The more we stop the virus’s circulation, the less likely it becomes that another mutant strain emerges that, say, kills your vaccinated grandmother. A number of these strains have already emerged, of course; the CDC is currently monitoring five strains it categorizes as “variants of concern,” defined as follows:
A variant for which there is evidence of an increase in transmissibility, more severe disease (e.g., increased hospitalizations or deaths), significant reduction in neutralization by antibodies generated during previous infection or vaccination, reduced effectiveness of treatments or vaccines, or diagnostic detection failures.

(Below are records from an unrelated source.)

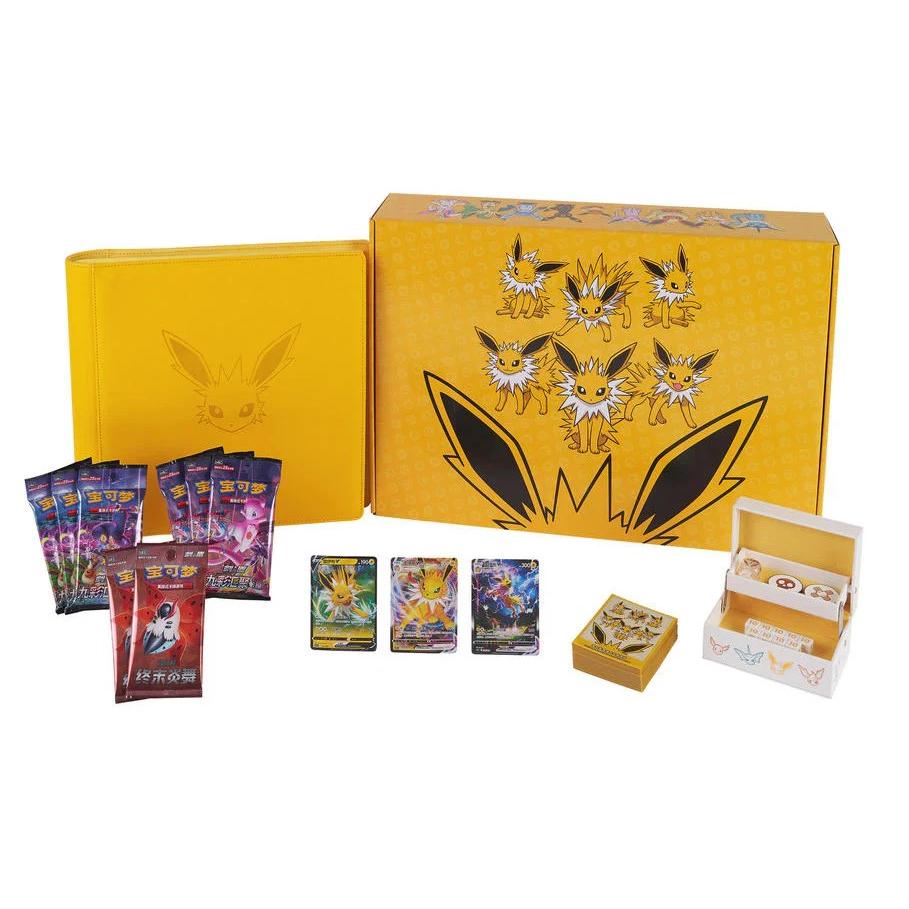 Pokemon Eevee Gift Box (Jolteon Flareon Vaporeon) (CH) - Charicards Inh. Christian Jandt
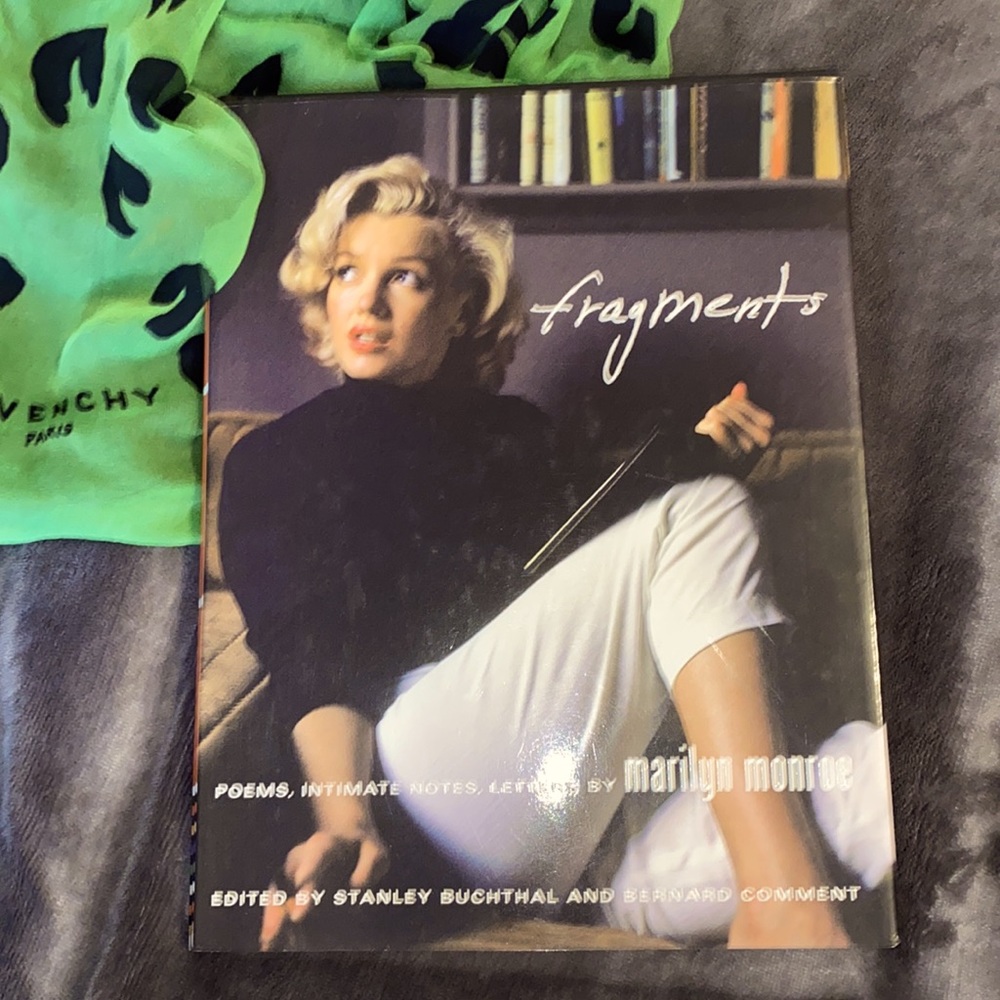 fragments PIEMS, INTIMATE NOTES, LETTERS BY marilyn monroe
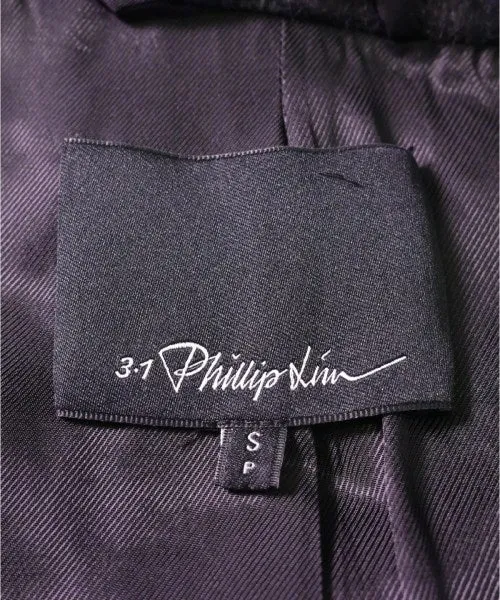 3.1 Phillip Lim Soutien collar coats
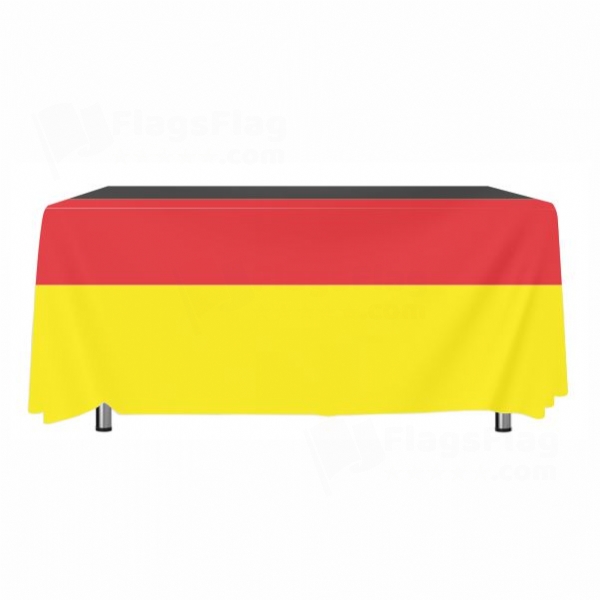 Free State Of Waldeck Pyrmont Tablecloth Models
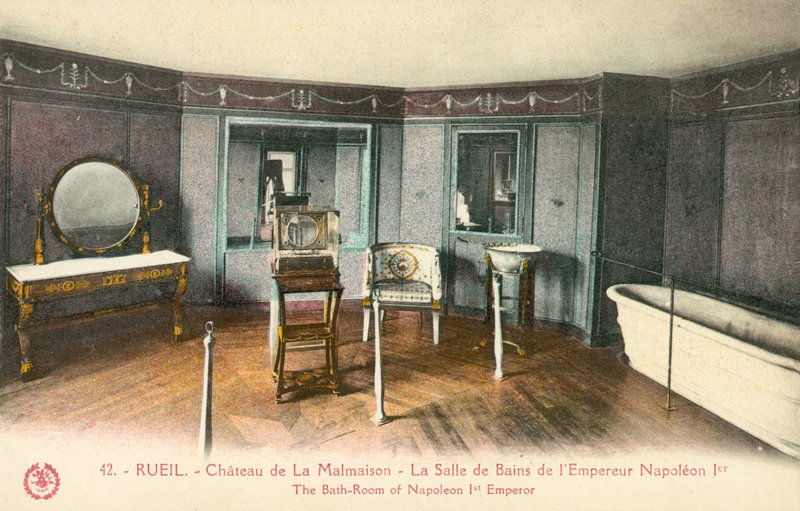 Rueil, Chateau De La Malmaison, I. Napóleon fürdőszobája alkotó: French Photographer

The B.1.1.7 variant, which originated in the UK, increases transmission by fifty percent, but doesn’t seem to change much when it comes to vaccination. Lucky us. The B.1.351 variant from South Africa, though? It couples a similar fifty percent transmission bump with “reduced neutralization by convalescent and post-vaccination sera.” Meaning it might be able to “escape” the immunity the vaccines we’re getting has provided. And kill your grandmother.
Along with the five variants of concern, the CDC is tracking eight other “variants of interest.” If you ask the European Centre for Disease Prevention and Control, another sixteen variants are currently worth watching as well. Luckily, none of these has risen to the deeply ominous category of “variant of high consequence,” a scenario where the world would sort of find itself back at the start of all this.
All of which is to say, Dr. Fauci’s fake quote has a truly global degree of relevance right now, and the individualistic streak baked into American founding myths is gunning to kickstart a pandemic that vaccination is starting to get under control (in some countries). The more the virus circulates, the more variants will pop up, and eventually one might wander into the “high consequence” realm and truly mangle the ongoing recovery. The effort in right-wing circles to make everything a purely individual action—for no obvious reason beyond lib ownage, really—could end up being a far more impactful campaign than I’m sure they’re bargaining for.
At latest polling, more than a quarter of Americans said they would not get vaccinated. Vaccine hesitancy is far from unique, of course—polling done throughout 2020 suggested as many as one billion people around the world would refuse a vaccine if offered, clearly for very different reasons depending on the country—but other rich nations do have far lower rates of refusal than the US. More than eighty percent of people in countries as disparate as Sri Lanka, Egypt, Denmark, and Nicaragua say they would gladly accept a COVID vaccine. The most recent government polling in the UK shows acceptance is up to ninety-four percent.
The thing is, given the potential global scope of just kind of letting the virus keep flitting about, mutating with abandon, you can make the case that getting vaccinated does not even really require that anyone “care about other people.” Do you want the entire global economy to shut down again? No? Well, feel free to think entirely about yourself as the needle jabs in. Take comfort in knowing that you’re sticking it to Fauci and his annoying insistence—the internet told me, so it’s true—that you think occasionally about someone else.